Low Power WiFi Devices

Written by : Deepaknath Tandur, March 2017

The proliferation of IoT requires many of the end devices to work solely on battery power, sometimes for months or even years. The deployed wireless technology should support such long operations and need not drain the battery life of these devices. Various wireless options are available that operate on unlicensed bands, for example for outdoor low power long range communication, networks based on technologies such as LoRaWAN, Ingenu, Sigfox can be utilized. These technologies provide long battery life for end devices for months or even years. However, the supported data rate is typically in bits per second. Similarly, personal area network (PAN) technologies such as Zigbee and 6LowPAN support low power operations of end devices with data rates of up to 250 kbps. Technologies offering medium to higher data rates, such as in megabits per second (mbps) along with long battery life are very limited. Bluetooth, provides data rate of 1 mbps, however it is typically used in the context of point-to-point communication. WiFi is a popular broadband technology with supported data rates in several mbps, however it is a power hungry solution and it is not expected to support battery powered end devices for weeks or months. The table below compares the different unlicensed wireless technologies.

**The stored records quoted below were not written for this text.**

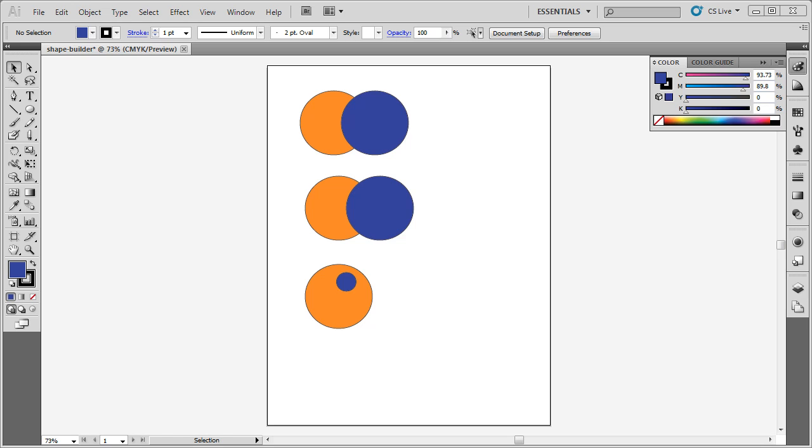Creating the perfect shape isn't always easy. You can use the pen tool, but unless you have spent a lot of time practicing, you may not feel comfortable using it.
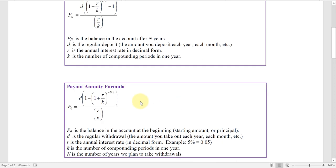The payout annuity: there is already a current balance — that's what P0 is — and it's not zero. D now represents withdrawals from the account. You're still calculating interest on the current balance as those regular withdrawals are made. A withdrawal is made, then interest is earned on the current balance, another withdrawal is made, and interest is earned on the remaining balance. The R, K, and N values all represent the same thing as in the first formula.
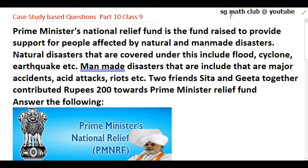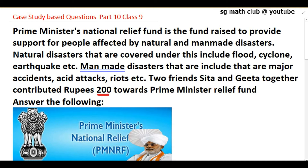Hello everyone. In today's video we will be doing a case study based question for Class 9 from the chapter 'Linear Equations in Two Variables.' The question is: Prime Minister's National Relief Fund is a fund raised to provide support for people affected by natural and man-made disasters — such as floods, cyclones, earthquakes, accidents, acid attacks, and riots. Two friends, Sita and Gita, together contributed rupees 200 towards the PM Relief Fund.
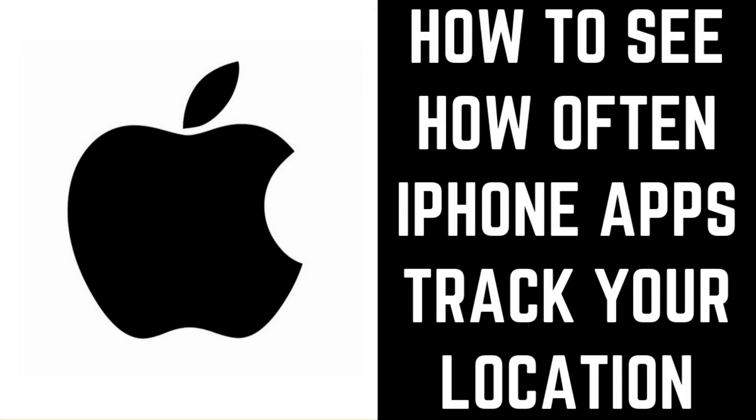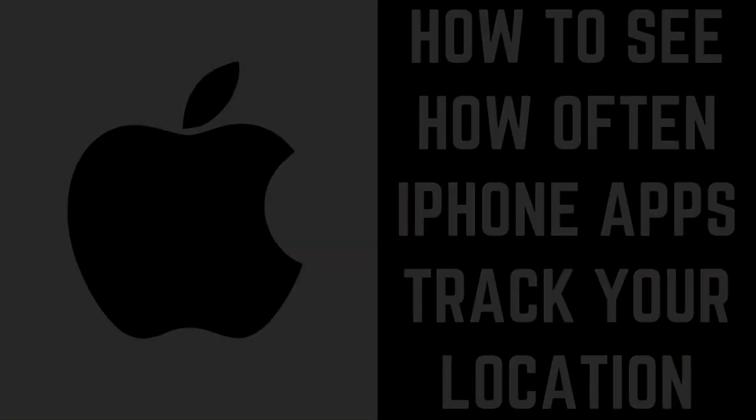Hey everyone. I'm Max Dalton, and in this video I'll show you how to see how often iPhone apps track your location.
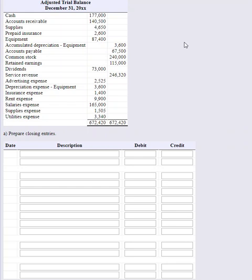This question is asking us to prepare closing entries. Closing entries are prepared at the end of the month, quarter, or year to get everything ready for the next accounting period. It's kind of like a basketball game or a football game - once a game is played, the team gets to start fresh with the next game they play.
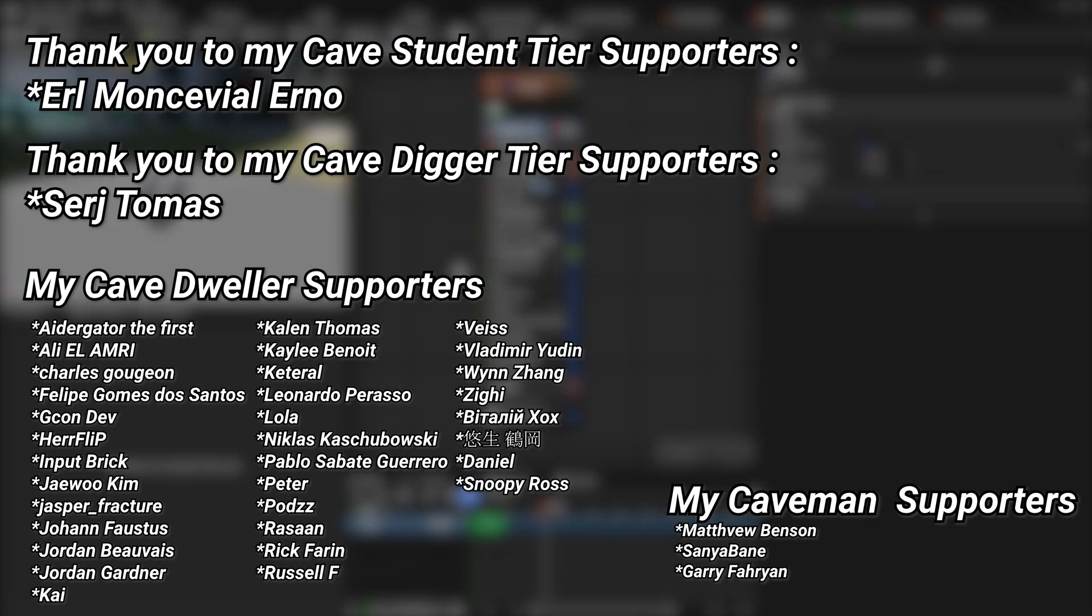And for the full course if you're watching this in the future, it should be all up on the YouTube channel already. But if you're watching this shortly after it was uploaded, there will be a link down below in the description to the Patreon where you can find the full course. And a very big thank you to all of my Patreons. You can see them on screen right now. If you want to help out supporting the channel, there's a link down below in the description to the Patreon page. A huge thank you to my cave student tier supporters Earl, Montevil, Erno, and my cave digger tier supporters Sergei, Thomas.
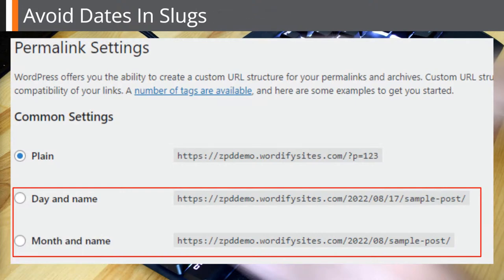Avoid dates in slugs. WordPress has an option to include dates in your post slugs, but I recommend you don't. This may be different if you're a news or events website where the date is relevant to the content. However, in general, once you start dating your content, Google is going to start thinking it's old — in a week's time, a month's time, a year's time — it won't give as much SEO credence as it would if there were no date there, because you're already telling Google that this article is tied to that date.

Recently several WiFi vendors (TI, Gainspan, Silex Technology) have come up with mainstream WiFi (802.11b/g/n) based chipsets for end devices that consume very low power. The main advantage here is that WiFi networks are ubiquitous and provide native IP support. Thus, an end device with WiFi connectivity can be directly hooked on to an existing WiFi network in a factory or a plant. These devices are then directly accessible via the internet.

Traditional Wi-Fi requires several megabytes of memory on a host system to run a driver/supplicant. However, the low power WiFi devices have minimal memory requirements, which can be as low as 128 KByte for code and 16 KByte for data. These devices allow the usage of a much smaller and lower power host CPU or even no host CPU at all, creating an overall smaller power draw for the system. These devices have the capability to switch off different parts of the board in order to reduce the current consumption. They quickly go to sleep and wake-up states based on the application requirements. Thus based on the components and parts of the board that are switched off, the device can achieve different low power states. Some of the lowest current consumption modes may disable the real time clock (RTC), and in these cases the device can be brought up only by an external input or an event. Such states are useful if the application does not require the device to remain switched on all the time and data transmission happens only when there is an external event. A device may have varying current consumption levels depending on whether it is in one of the active states such as transmission state, receiving state, wakeup state, or one of the non-active states such as sleep, deep sleep, hibernation, etc. The absolute current consumption levels among the vendors are implementation specific, however the different device states and their current consumption levels are generally comparable. The key is to operate the device in non-active states as much as possible in order to maximize the longevity of the battery.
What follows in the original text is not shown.